Using VoltDB where the /tmp directory is noexec

On startup, VoltDB extracts certain native libraries into the /tmp directory before loading them. This works in all standard operating environments. However, in custom installations where the /tmp storage is mounted with the "noexec" option, VoltDB cannot extract the libraries and, in the past, refused to start.

For those cases where the /tmp directory is assigned on storage mounted with the ‘noexec’ option, you can assign an alternative storage for VoltDB to use for extracting and executing temporary files. This is now done automatically on Kubernetes and does not require any user intervention.

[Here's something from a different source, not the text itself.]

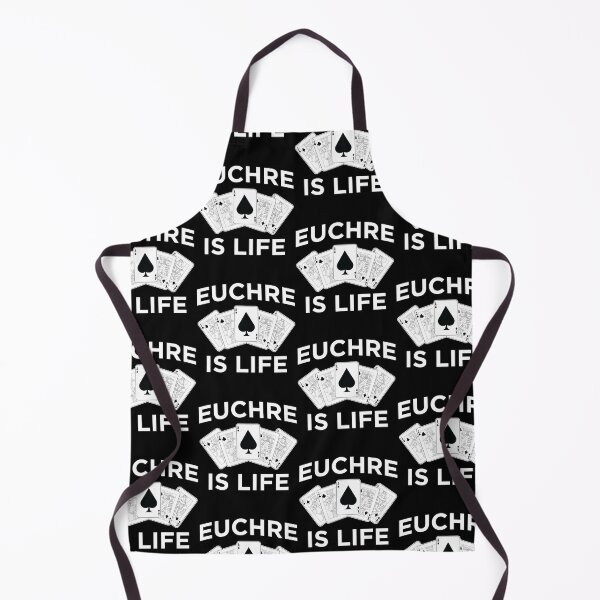 Item preview, Funny Card Game Euchre Is Life print designed and sold by jakehughes2015.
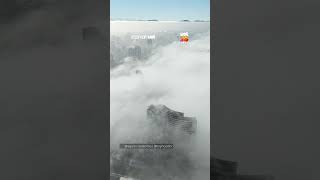 Baixada Santista amanhece coberta por neblina pelo segundo dia seguido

On non-Kubernetes environments, you can identify an alternative location by assigning it to volt.tmpdir, org.xerial.snappy.tmpdir, and jna.tmpdir in the VOLTDB_OPTS environment variable before starting the server process. The specified location must exist, must be an absolute path, and cannot be on storage mounted with the "noexec" option. For example, the following command assigns an alternate temporary directory called /volttemp:

export VOLTDB_OPTS="-Dvolt.tmpdir=/volttemp \
                    -Dorg.xerial.snappy.tempdir=/volttemp \

When using an alternate temporary directory, files can accumulate over time since the directory is not automatically purged on startup. So you should make sure you periodically delete old files from the directory.

5. Platforms


Kubernetes Compatibility

See the Volt Kubernetes Compatibility Chart for information on which versions of the Volt Operator and Helm charts support which version of VoltDB. See the VoltDB Operator Release Notes for additional information about individual releases of the VoltDB Operator.